The Organization of the Petroleum Exporting Countries and its allies (OPEC+) are likely to agree to extend their current production curbs throughout 2024 and potentially into 2025, according to sources familiar with the negotiations. This decision comes amidst concerns about sluggish global demand growth, rising interest rates, and increasing competition from US shale producers.
The group, which controls a significant portion of the world's oil supply, is scheduled to meet virtually on Sunday. However, key ministers are expected to convene in person at the Saudi Arabian capital, Riyadh, to finalize the details of the production cuts. The proposed extension could involve maintaining all or part of the current 3. 66 million barrel-per-day (bpd) production cut throughout 2025. Additionally, some or all of the voluntary cuts of 2. 2 million bpd might be extended into the latter half of 2024.
The decision to extend the production cuts reflects OPEC+'s desire to maintain stability in the oil market. Currently, oil prices are hovering around $80 per barrel, which falls short of the level required by many member states to balance their budgets. The slowdown in China's economic growth, the world's largest oil importer, has dampened demand for the commodity. Furthermore, rising interest rates globally could potentially stifle economic activity and further reduce oil consumption.
On the other hand, the production cuts face the challenge of increasing output from the United States. US shale oil producers have been ramping up production in recent months, capitalizing on the higher oil prices. This could potentially offset the impact of OPEC+'s production curbs and put downward pressure on prices.

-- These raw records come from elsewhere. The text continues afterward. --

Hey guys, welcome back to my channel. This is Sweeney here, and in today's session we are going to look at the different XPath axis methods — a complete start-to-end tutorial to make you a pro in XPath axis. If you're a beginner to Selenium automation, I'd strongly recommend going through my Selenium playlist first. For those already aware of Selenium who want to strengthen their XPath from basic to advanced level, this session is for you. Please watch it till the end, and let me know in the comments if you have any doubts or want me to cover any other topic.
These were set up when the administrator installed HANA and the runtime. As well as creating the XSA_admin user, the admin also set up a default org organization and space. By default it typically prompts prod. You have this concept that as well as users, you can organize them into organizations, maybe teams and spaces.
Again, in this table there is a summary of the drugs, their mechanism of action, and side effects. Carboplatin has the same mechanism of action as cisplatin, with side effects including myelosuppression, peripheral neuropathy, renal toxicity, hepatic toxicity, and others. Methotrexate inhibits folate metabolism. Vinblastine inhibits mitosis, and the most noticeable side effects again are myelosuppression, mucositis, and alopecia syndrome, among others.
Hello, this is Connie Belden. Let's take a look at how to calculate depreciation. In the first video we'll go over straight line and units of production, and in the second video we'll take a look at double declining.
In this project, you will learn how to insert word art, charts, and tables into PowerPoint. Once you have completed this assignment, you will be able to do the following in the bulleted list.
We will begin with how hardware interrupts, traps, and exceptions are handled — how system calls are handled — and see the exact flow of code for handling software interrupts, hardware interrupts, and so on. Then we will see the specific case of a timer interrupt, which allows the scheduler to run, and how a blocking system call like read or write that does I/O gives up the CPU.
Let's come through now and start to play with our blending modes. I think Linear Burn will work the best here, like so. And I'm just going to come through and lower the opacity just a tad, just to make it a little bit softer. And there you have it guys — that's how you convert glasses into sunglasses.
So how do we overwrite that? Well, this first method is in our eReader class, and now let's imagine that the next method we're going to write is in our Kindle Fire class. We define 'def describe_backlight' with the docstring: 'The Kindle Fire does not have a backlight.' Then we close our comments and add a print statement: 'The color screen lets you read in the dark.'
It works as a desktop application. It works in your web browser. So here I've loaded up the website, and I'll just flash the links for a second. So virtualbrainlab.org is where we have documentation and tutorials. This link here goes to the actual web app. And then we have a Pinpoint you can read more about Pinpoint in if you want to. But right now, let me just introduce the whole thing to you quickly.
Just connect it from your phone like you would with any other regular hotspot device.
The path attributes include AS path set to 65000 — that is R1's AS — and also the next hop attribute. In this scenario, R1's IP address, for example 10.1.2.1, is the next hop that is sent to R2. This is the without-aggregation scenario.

The decision by OPEC+ will be closely watched by consumers and industries around the world. An extension of the production cuts could lead to higher gasoline prices at the pump, impacting transportation costs and potentially contributing to inflationary pressures. Conversely, a relaxation of the cuts could see a decline in oil prices, providing some relief to consumers but potentially impacting the revenues of OPEC+ member states.
The outcome of the OPEC+ meeting will have significant implications for the global oil market in the coming years. The group's decision will be a delicate balancing act between maintaining market stability, addressing the needs of its member states, and navigating the evolving dynamics of the US shale oil industry.